WORK REQUEST: Copy the listing that follows exactly. Its pictures do not belong in the copy.

SUPPLIED DATA:
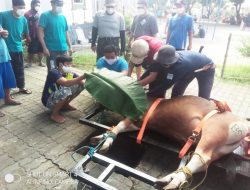 Panitia Qurban RW.10 Perum Tridaya Nuansa Desa Sumber jaya Laksanakan Pemotongan Hewan Qurban Dengan Mematahui Protokol Kesehatan
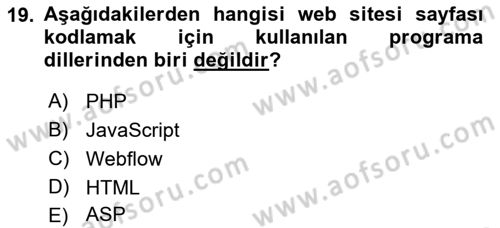 Web Grafik Tasarımı Dersi 2024 - 2025 Yılı (Final) Dönem Sonu Sınav Soruları 19. Soru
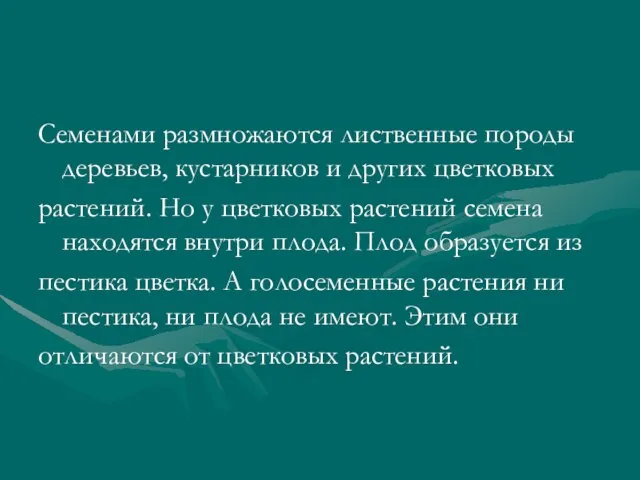 Семенами размножаются лиственные породы деревьев, кустарников и других цветковых растений. Но у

WRITTEN SOLUTION:
 Panitia Qurban RW.10 Perum Tridaya Nuansa Desa Sumber jaya Laksanakan Pemotongan Hewan Qurban Dengan Mematahui Protokol Kesehatan
 Web Grafik Tasarımı Dersi 2024 - 2025 Yılı (Final) Dönem Sonu Sınav Soruları 19. Soru
 Семенами размножаются лиственные породы деревьев, кустарников и других цветковых растений. Но у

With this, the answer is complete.